13.10-10.11.2018
William Kentridge’s latest exhibition ‘KABOOM!’ at the Goodman Gallery in Johannesburg is a large exhibition, which draws on work produced for his recent theatre performance projects. Audiences can expect to see many drawings, prints, animations from The Head & the Load, and Wozzeck, as well as some new sculpture on exhibit. This exhibition opens in the same month as some other significant Kentridge related events. One of his drawings reached an international record sales price of R6,6 million on auction, and Kentridge’s latest theatre piece The Head & the Load opening at the Tate Modern in London to mark the centenary of the First World War.
It can be quite easy to forget how significant Kentridge is internationally, as a highly regarded contemporary South African artist, because when he is in Joburg, he seems so accessible. His work is everywhere, the Centre for the Less Good Idea is open to the public during season, he’s spotted quietly minding his own business at art related events and around Maboneng, with a ready smile and tilt of the head for those who greet him. This exhibition at the Goodman Gallery is a window into the work that happens behind, and alongside, the major productions that make their way to the big museums, opera houses, universities, and art venues all over the world. It is a reminder of the larger workings at play.
Like most of Goodman’s Kentridge exhibitions in the past, ‘KABOOM!’ offers a great variety of visuals and experimental, expressive drawings for its audience. It affords insight into Kentridge’s process, and his mind, when you see the drawings that are both preparation for larger projects, and his determined production that stems from his research. This ability to provide access to the viewer is something quite unique, as quite often, we only see the curated, shiny, highly produced finished product of the artist. Not that the work isn’t ‘finished’ as such, but you can almost picture him at a wall in his studio with duct tape around the edge of the drawing, applying a bit of red conté, erasing a little charcoal, tearing up some archival document and gluing it to his paper with a fine brush. The tactility, motion and expression in his work renders it lively, the mark-making precise, yet free.
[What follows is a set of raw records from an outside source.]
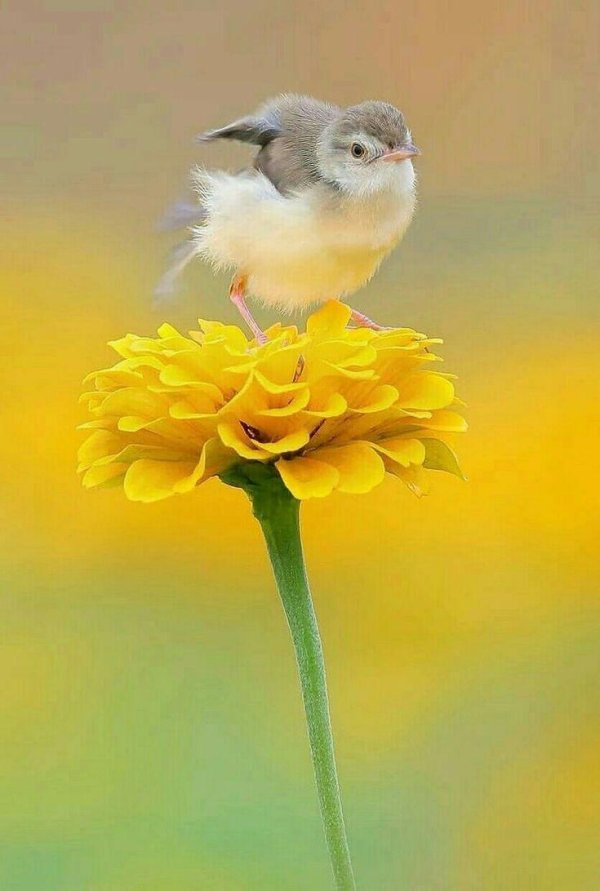 весенние птички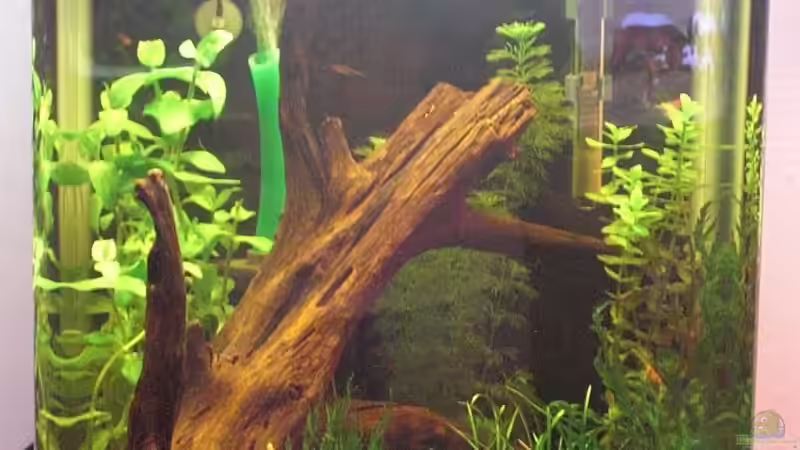 Aquarium Hauptansicht von KREBS -- WG von Malawi TOM (1)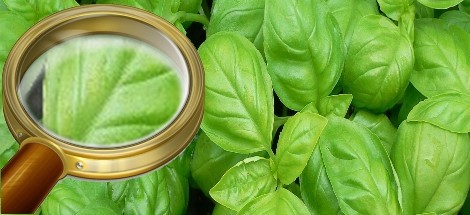 Envie d'apprendre la phytothérapie?
Consultez nos listes d écoles en phytothérapie et herboristerie, les prochains stages thématiques, les lieux à visiter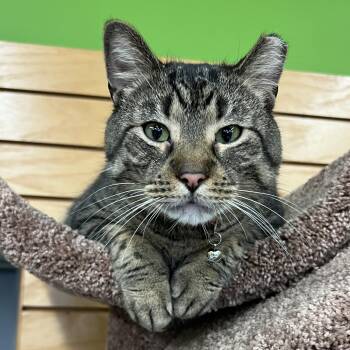Rescue Domestic Short Hair Cats for Adoption in Stoughton, Wisconsin - Howard | PetCurious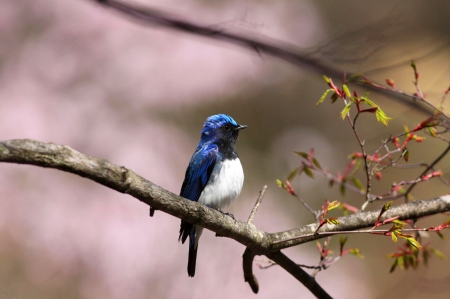 CUTE BIRDIE - bird, cute, lonely, leaves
As is expected, the canon remains the same. Some of the details, or the images change, and it’s evident that Kentridge has new obsessions and curiosities, and has been reading new material, but thematically, the work still considers the same subject matter from different perspectives. The undertone in his work still confronts colonialism, and its long-lasting after-effects, but it’s insinuated rather than clearly depicted. The danse macabre that Kentridge has been employing in his stage productions, and the absurdism in sound poems such as Ursonate by Kurt Schwitter (1932) that he draws inspiration from, emerge strongly in his visuals.
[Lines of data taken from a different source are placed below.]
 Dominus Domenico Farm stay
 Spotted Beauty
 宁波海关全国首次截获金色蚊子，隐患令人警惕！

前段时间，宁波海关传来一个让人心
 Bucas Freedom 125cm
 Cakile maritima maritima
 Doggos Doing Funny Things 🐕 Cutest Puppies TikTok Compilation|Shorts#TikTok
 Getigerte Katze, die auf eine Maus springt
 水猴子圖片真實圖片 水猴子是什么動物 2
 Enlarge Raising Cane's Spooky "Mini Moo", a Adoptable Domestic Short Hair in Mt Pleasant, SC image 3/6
When considering the period between the early 1900s, the advent of the First World War, and all the way into the Second World War, there was an efflorescence of absurdism in the art world. Marcel Duchamp, Cubism, the Dadaist movement, German Expressionism, and Surrealism, among many other distinct, or overlapping movements in Europe, had a great influence on the thought processes related to cultural production, not the aesthetics alone. These movements inspired a great amount of literature, political thought, musical expressionism and grand philosophical declarations. They were mostly counter reactions to the horrors of the wars, of the death, the starvation, the hatred, and the mobilisation of fascism. It seems almost inevitable that Kentridge, who has already related so deeply to these movements and their philosophical explorations, should focus on the First World War and the contribution that African soldiers made, fighting for their colonial powers.
There is a crossover between landscape, and body in landscape works like Drawing for The Head & The Load (Fallen Figures) (2018) wherein the deceased become the hills themselves. Maps are frequently used to complicate the images, showing extra levels of chaos and confusion, abstraction manifested physically, and intellectually, because maps represent so much about the way things happened, and the way land was perceived, instead of being the factual documents we expect or assume maps to be. This can be seen in works like Untitled (Drawing from Wozzeck 63) (2017), in which one sees the mangled structures that used to be buildings, an aesthetic echoed in works that look like aerial view maps with pathways, but simultaneously like barbed wire.
Kentridge deals with fragments in his works on exhibition at the Goodman. The drawings are moments in time from the greater narrative, humanized, and drawn from the perspective of the singular heart, or mind. His work reflects the chaos and the media of the Dadaists, using collage, bizarre combinations of words that form a strange poetry on the page, covered in drawings that emulate barbed wire, it emphasises the banality of war, and evades the temptation of overarching narratives, focusing on the local, the individual and the personal. The fragmentation gives opportunity to present multiple histories, as in the production of The Head & The Load itself, there are innumerable voices speaking, shouting, singing, laughing, crying, ululating, through his work.
His work considers how narratives are told, and retold, throughout history, how the past is fragmented and subjective. Histories are multiple, complex and often contradictory tales of experience, sometimes told with the intention of telling particular versions that suit the victors, abandoning stories of the individual in favour of the overarching theme the writers of history wish to portray. In Kentridge’s work there are always many voices, visible in the sometimes chaotic scenes in his theatre performances where many strains of music, numerous voices and arbitrary loud sounds intersect to form its own absurdist ‘sound poem’.
For all the darkness portrayed, there is a kind of magic drawn out in his work, that speaks of human nature and how it is possible to find laughter and humanity in the absurdity, chaos, and darkness. Emotion, experience, history, understanding, memory – these are never linear, or definable experience with objective clarity, but complicated and abstract. Kentridge’s work is homage to this, to the individual, to the humans that lived through immeasurable difficulties at the hands of those that wrote the history books. These archives are torn up, repurposed and reorganized, drawn over by Kentridge, in an effort to lend a voice to those who would otherwise recede and be forgotten, recreate memories, and to remind all what is at stake for the average human when things come to a head between those in power. There’s something particularly poignant in globally politically turbulent times, all things considered, about the use of The Head & The Load as a play on the Ghanaian proverb, ‘the head and the load are the troubles of the neck.’